→ Exercise requirements
Reproduce the entries that follow exactly. No picture should appear in the result.

→ Material for the task
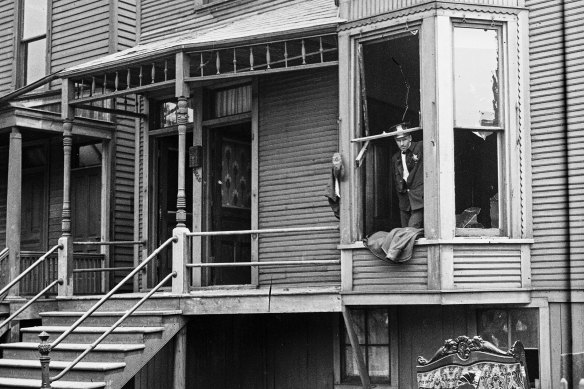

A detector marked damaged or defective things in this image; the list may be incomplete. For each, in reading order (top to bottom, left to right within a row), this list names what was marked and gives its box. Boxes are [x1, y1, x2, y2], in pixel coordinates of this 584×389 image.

broken window [358, 33, 422, 235]
broken window [452, 28, 502, 233]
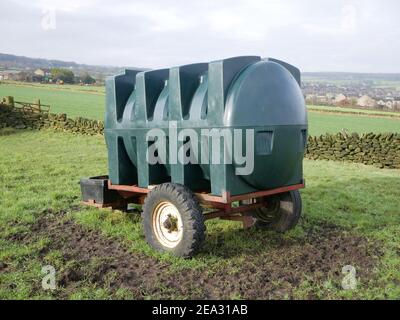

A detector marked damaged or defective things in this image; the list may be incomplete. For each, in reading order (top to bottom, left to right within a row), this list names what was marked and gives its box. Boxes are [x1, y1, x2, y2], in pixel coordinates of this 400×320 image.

rusty metal frame [83, 180, 304, 228]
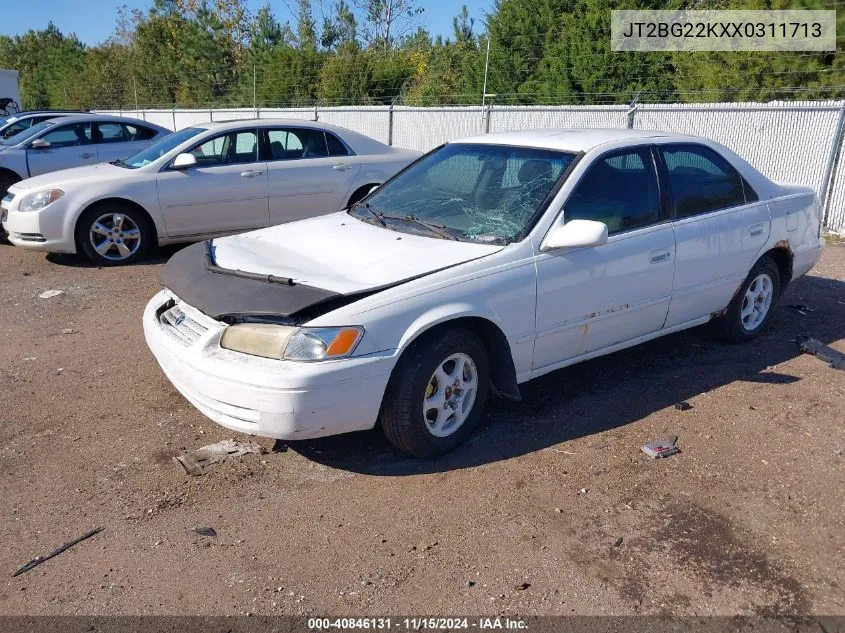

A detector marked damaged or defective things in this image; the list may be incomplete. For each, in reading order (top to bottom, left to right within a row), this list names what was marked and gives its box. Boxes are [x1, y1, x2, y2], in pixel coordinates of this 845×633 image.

cracked windshield [352, 144, 580, 244]
damaged white sedan [145, 128, 824, 454]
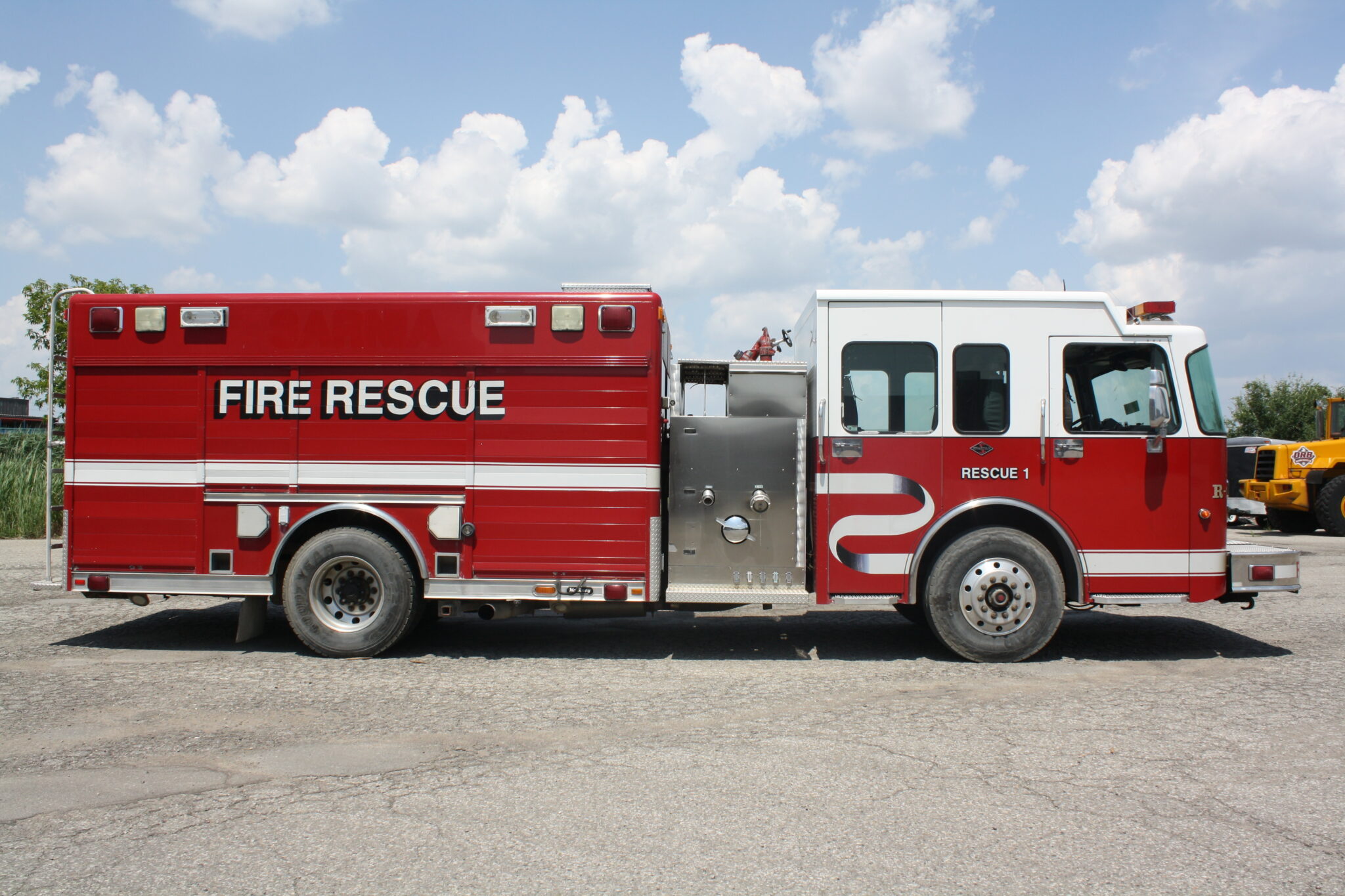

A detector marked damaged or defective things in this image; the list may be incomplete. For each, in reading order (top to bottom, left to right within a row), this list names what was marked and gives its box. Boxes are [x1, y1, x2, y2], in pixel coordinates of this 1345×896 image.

→ Answer to this exercise
A detector marked damaged or defective things in this image; the list may be incomplete. For each, in reading order (top to bottom, left to right within a row), this list names what was marked and gives its box. Boxes are [x1, y1, x2, y2], in pixel coordinates of this 584×389 image.

broken window [358, 33, 422, 235]
broken window [452, 28, 502, 233]

A detector marked damaged or defective things in this image; the list may be incomplete. For each, in reading order (top to bottom, left to right within a row), this list names what was marked and gives its box. Boxes are [x1, y1, x2, y2], in pixel coordinates of this 400×320 image.

rusty metal frame [83, 180, 304, 228]

A detector marked damaged or defective things in this image; the list may be incomplete. For each, in reading order (top to bottom, left to right within a row), this list names what was marked and gives its box. Boxes are [x1, y1, x2, y2], in pixel coordinates of this 845×633 image.

cracked windshield [352, 144, 580, 244]
damaged white sedan [145, 128, 824, 454]

A detector marked damaged or defective things in this image; the list may be incomplete. For each, in reading order (top to bottom, left to right within a row), this list names what was marked and gives its box. Boxes are [x1, y1, x2, y2], in pixel coordinates of this 1345×896 image.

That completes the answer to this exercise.